■ YOUR GOAL: Below are the records. Retype, exactly, the lines from the first through the line with "Immagine 31 di", and leave out the pictures.

■ EXTRACTED ENTRIES:
____________

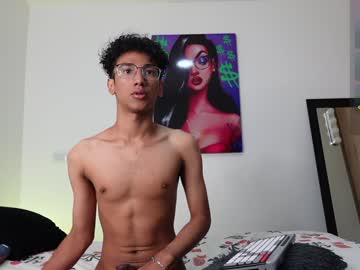 harrytwink18 webcam model stream image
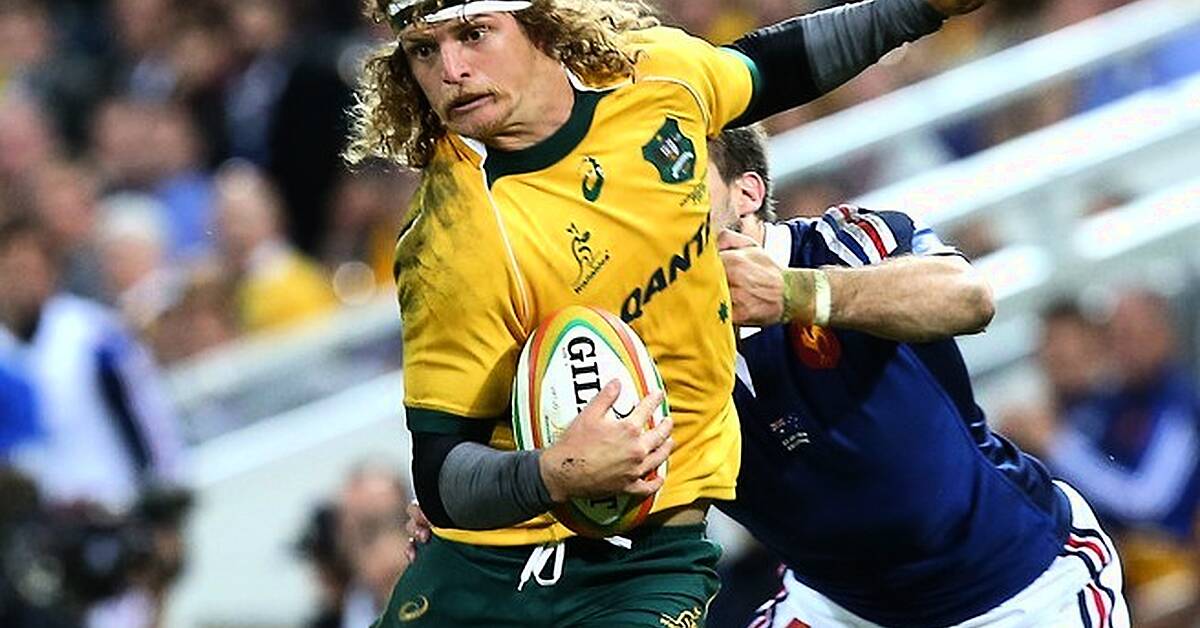 Learn about Nick Cummins rugby journey: A simple guide covering his awesome career highlights.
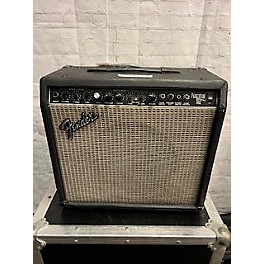 Used Fender Used Fender PRINCETON 112 PLUS Guitar Combo Amp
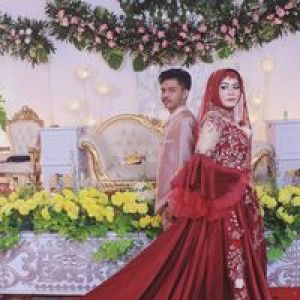 Alma Aulia profile icon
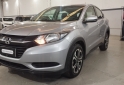 Camionetas - Honda HONDA HRV LX AT 2017 Nafta 29500Km - En Venta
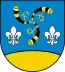 Blason de Nieborów
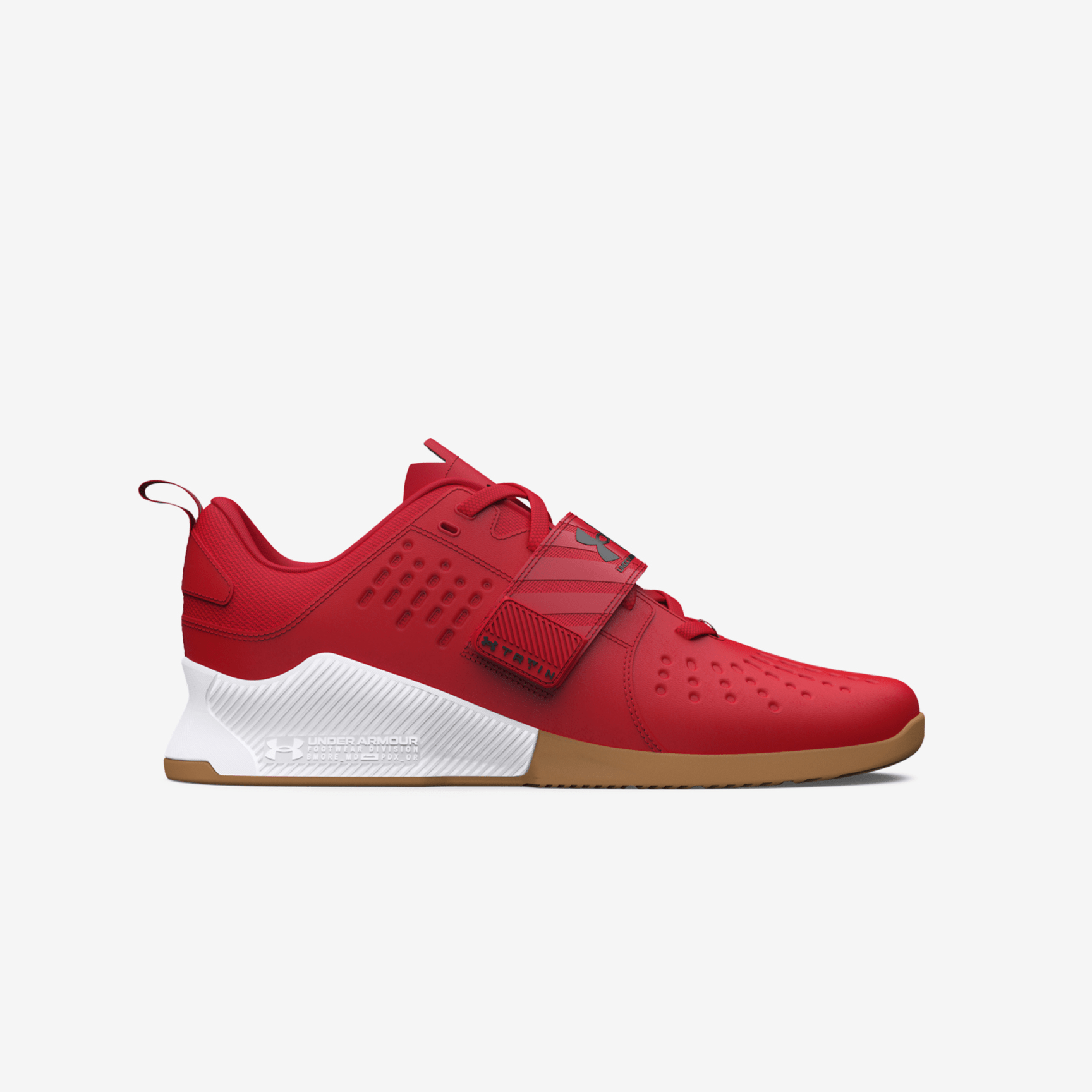 UNDER ARMOUR REIGN LIFTER 3023735-602
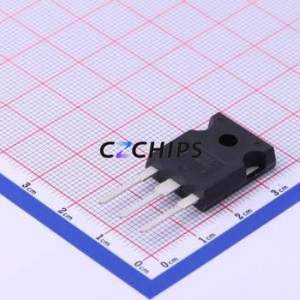 Diodo Original Nuevo VS-60APU02-N3 TO-247AC-3 de Recuperación Rápida / Diodo de Alta Eficiencia - Product Image 1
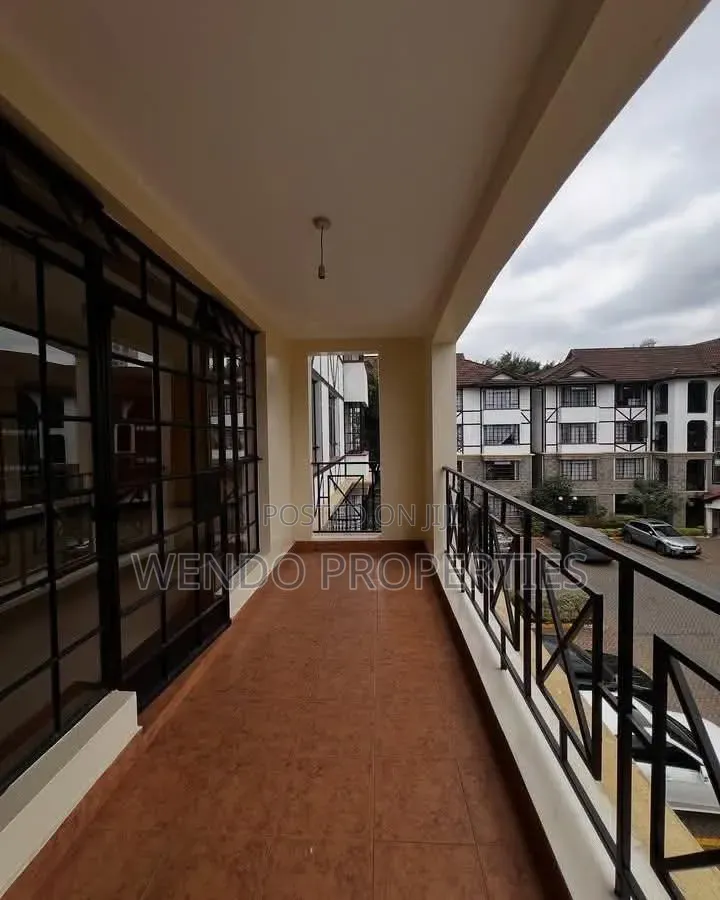 3bdrm Apartment in Valley Arcade for rent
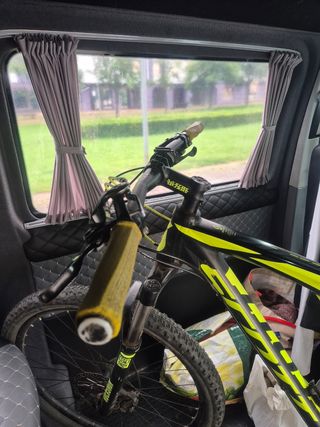 Bicicleta Scott Scale 940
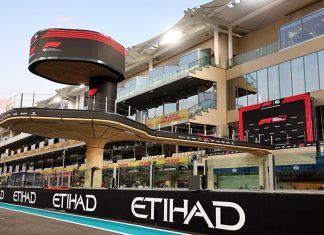 BDP Pattern Completes Yas Marina Circuit Expansion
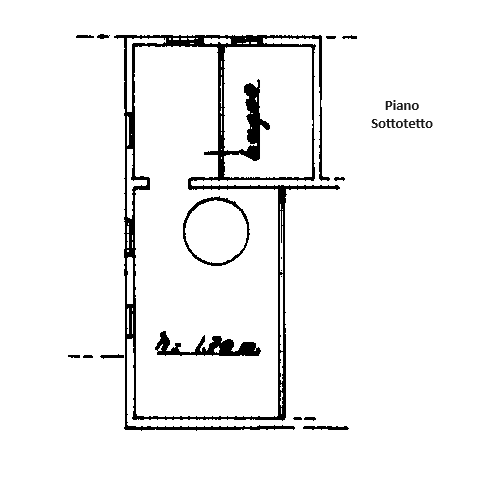Immagine 31 di Casa indipendente in vendita  a Comano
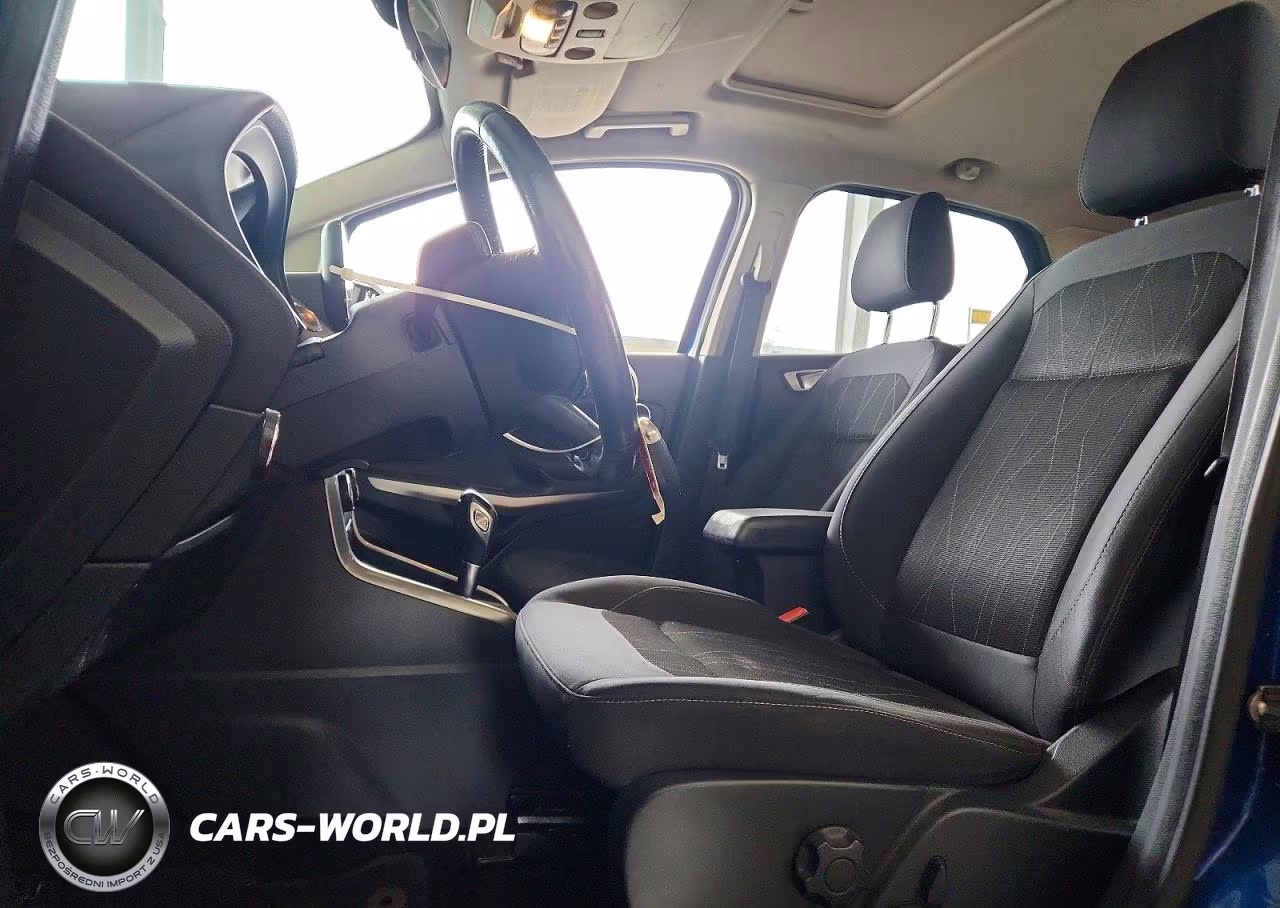 2018 Ford Ecosport Se VIN:MAJ3P1TE1JC201983 - 7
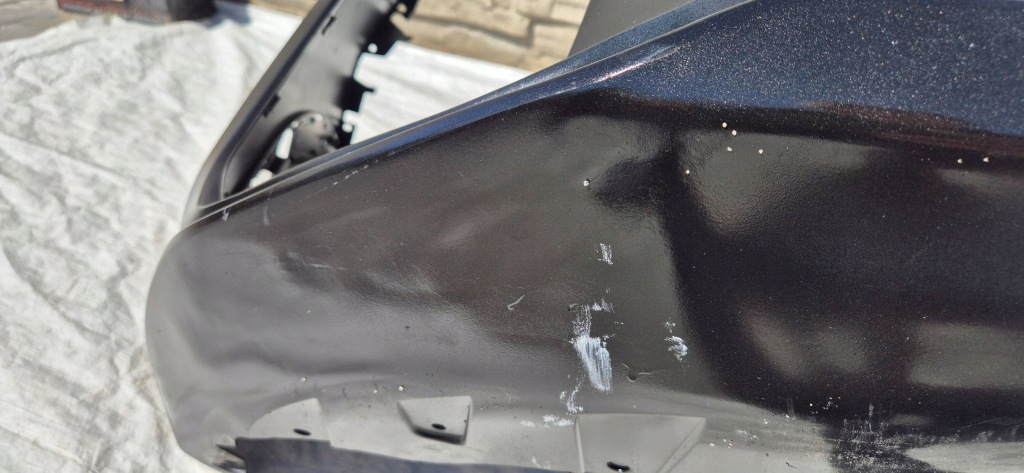 Mini countryman iii u25 24- jcw бампер перед org Доставка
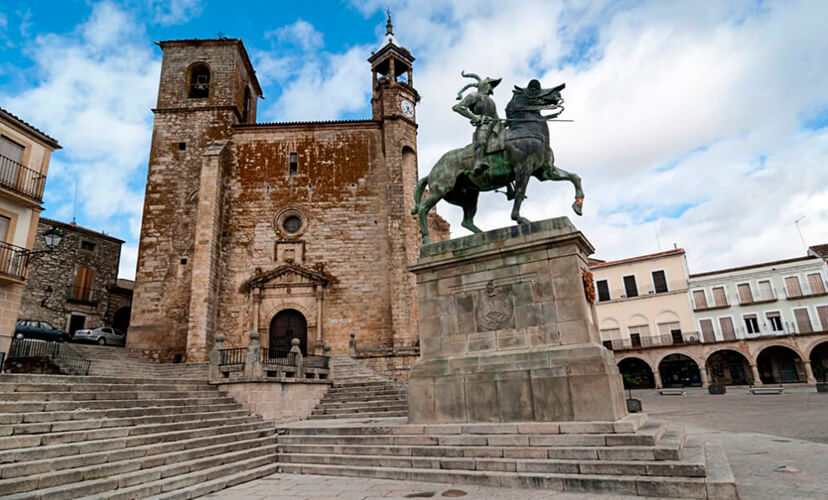 Cáceres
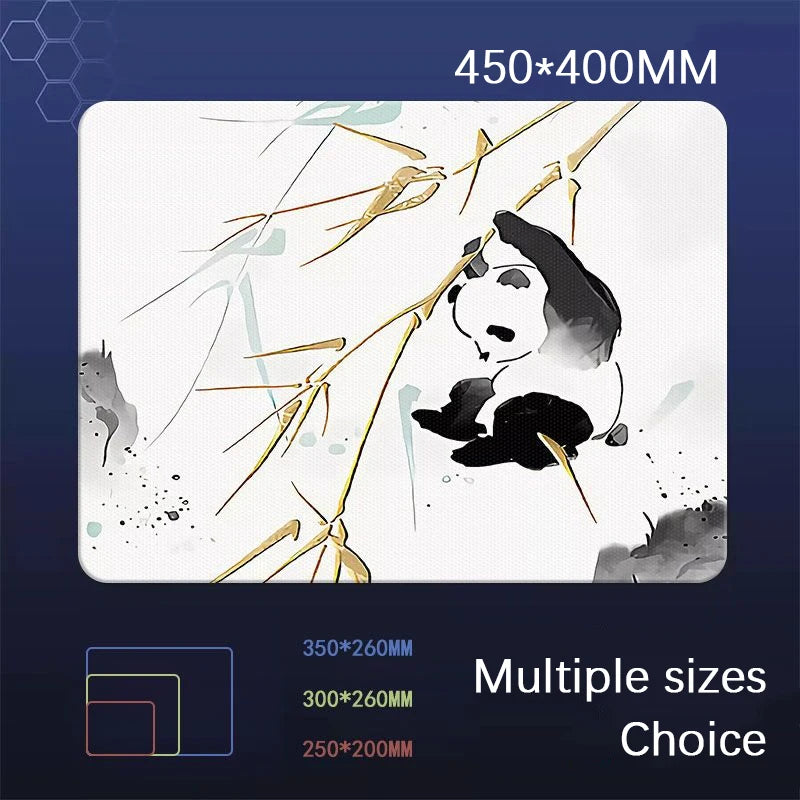 YUME Glass Mouse Pad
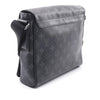 Secondhand Louis Vuitton Monogram Eclipse District PM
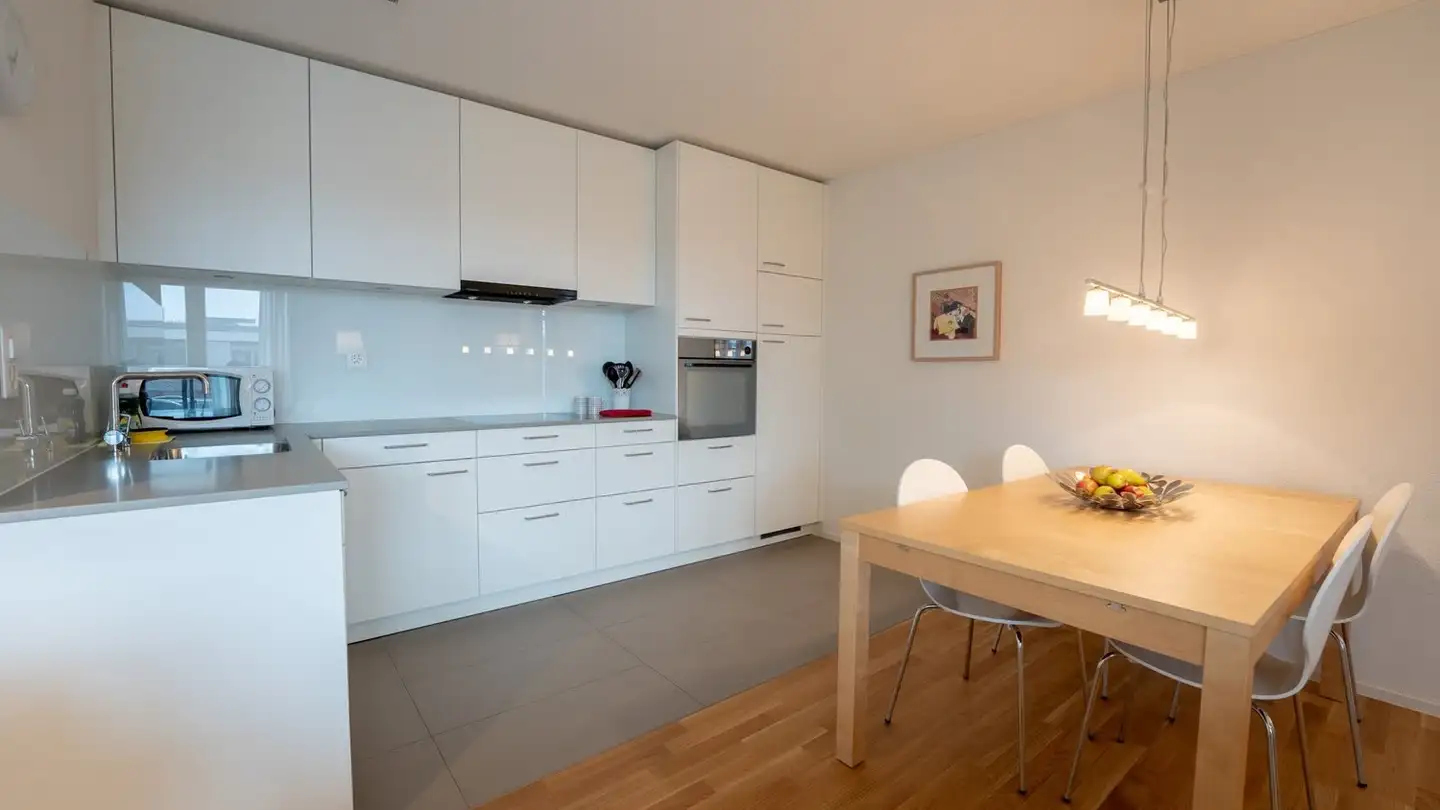 Appartement meublé à louer - Erlkönigweg 25, 4058 Basel - Photo 2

____________

■ ANSWER FOR THIS EXERCISE:
 harrytwink18 webcam model stream image
 Learn about Nick Cummins rugby journey: A simple guide covering his awesome career highlights.
 Used Fender Used Fender PRINCETON 112 PLUS Guitar Combo Amp
 Alma Aulia profile icon
 Camionetas - Honda HONDA HRV LX AT 2017 Nafta 29500Km - En Venta
 Blason de Nieborów
 UNDER ARMOUR REIGN LIFTER 3023735-602
 Diodo Original Nuevo VS-60APU02-N3 TO-247AC-3 de Recuperación Rápida / Diodo de Alta Eficiencia - Product Image 1
 3bdrm Apartment in Valley Arcade for rent
 Bicicleta Scott Scale 940
 BDP Pattern Completes Yas Marina Circuit Expansion
Immagine 31 di Casa indipendente in vendita  a Comano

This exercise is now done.